Needless to say, subjecting someone to a risky and hastily planned first-in-human experiment amounts to disrespecting their personhood. The second formulation of Immanuel Kant’s categorical imperative – sometimes referred to as the ‘humanity formula’ – serves as the moral basis for the notion that research needs to consist of respect for persons. In its entirety, the formula reads:

Act in such a way that you treat humanity, whether in your own person or in the person of any other, never merely as a means, but always at the same time as an end.

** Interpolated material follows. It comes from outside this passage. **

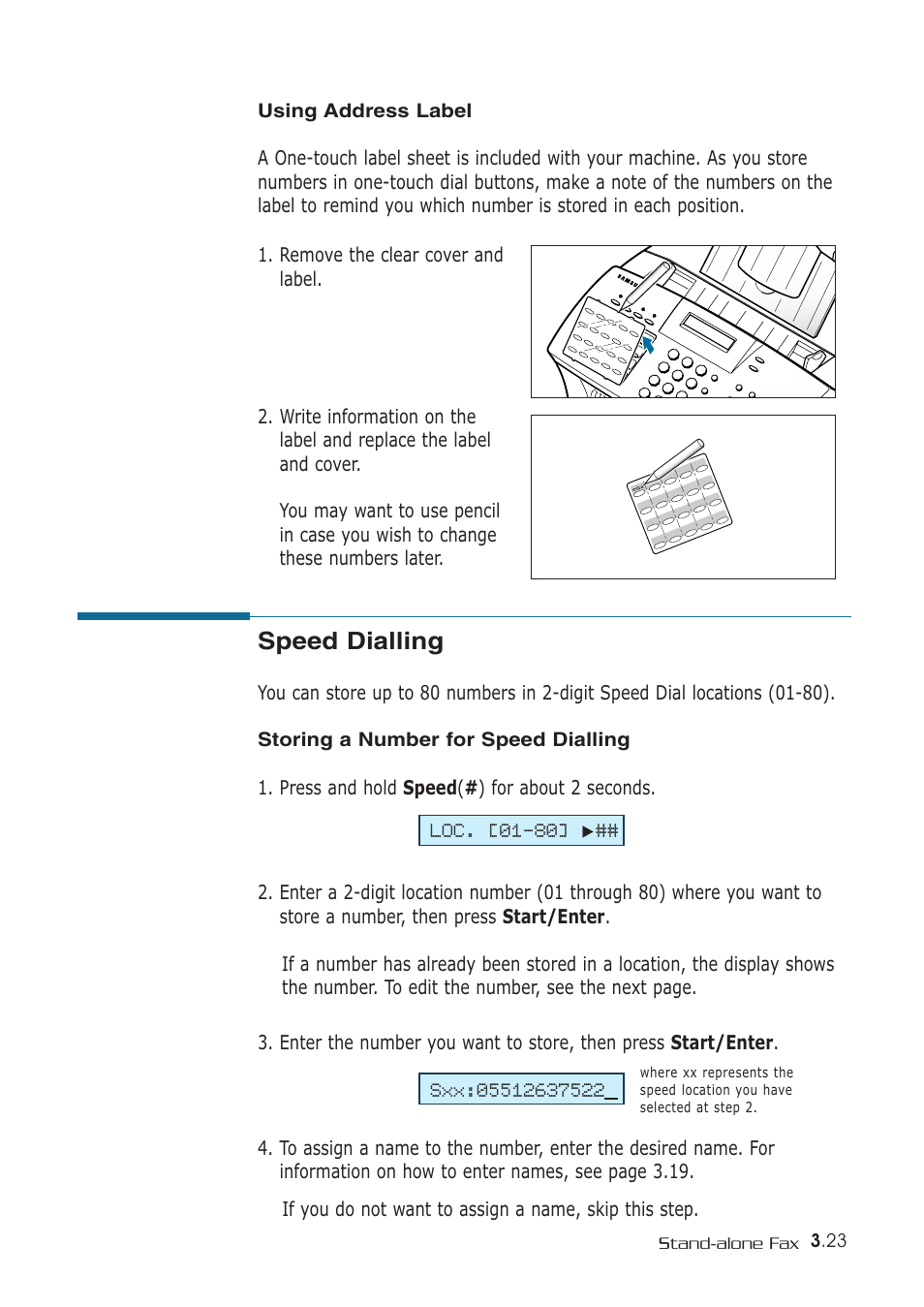 Speed dialling | Samsung SF-530 Series User Manual | Page 80 / 167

Generally, this is taken to mean that a researcher should not treat human subjects as merely instruments to obtain some research goal, but rather recognise that they are persons who are able to make their own rational choices to achieve their own unique goals. More often than not, this interpretation of the humanity formula is simplified to the following claim: research participants have the right to consent to and voluntarily withdraw from a research project. While this interpretation of the formula is perhaps sufficient in respecting a participant’s autonomy, it does not capture Kant’s important claim that human beings are particularly unique in that they possess an inherent moral value.

Kant’s humanity formula distinguishes between objective and subjective ends. Subjective ends, which Kant sometimes refers to as material ends, are things that have value only within the unique material contexts of a person’s life – a new car, say, or a job promotion. Objective ends, on the other hand, have value irrespective of someone’s unique desires or individual contexts. For Kant, the prime example of an objective end is a person, since they retain their dignity and worth regardless of another’s estimation of them.

Importantly, subjective ends are obtained using means that are particular to each individual’s unique contexts. For example, the means I would take to obtain a promotion within academia differ widely from the means a person working in the financial sector might undertake to obtain a promotion. Also, subjective ends are often, themselves, merely a means to a further end: I desire a new car because it will improve my morning commute, which I desire because it will improve my work performance, which I desire because it will better my chances at a promotion, and so on. Objective ends, on the other hand, are obtained by following duties that we preform irrespective of our individual contexts. To give an example from medical ethics, the surgeon performs life-saving surgery on the serial killer not because they have a desire to save a serial killer’s life but rather because they have a duty as a surgeon to preserve human life. Additionally, objective ends are what Kant calls ends in themselves – they require no further value beyond the value contained in themselves. Writing in 1785, Kant says humans can grasp inherent value through philosophical self-reflection in a way that other beings cannot – and that chief among things vested with inherent value is a human (including the experimenter himself).

Here is where Forssmann went wrong. Though it cannot be denied that he was successful in advancing scientific and medical progress, he disregarded the moral duty he had to respect himself by not treating himself merely as a means to his subjective ends. Werner Forssmann touched his own heart, shattering taboos that surrounded this vital organ and spurring a renaissance in cardiology that continues into the present day. Yet, the ethical coda to his experiment reiterates the importance of self-respect and portrays the moral limits of our scientific curiosity. This coda is timelier than ever because gene-editing technologies such as CRISPR have made medical experimentation a ‘do it yourself’-friendly endeavour. While it is unlikely that medical self-experimentation will ever cease, we can at least be hopeful that, in the headlong rush to prove a theory or advance others’ health, those who conduct such experiments watch out for their own safety and wellbeing with more care than their predecessors.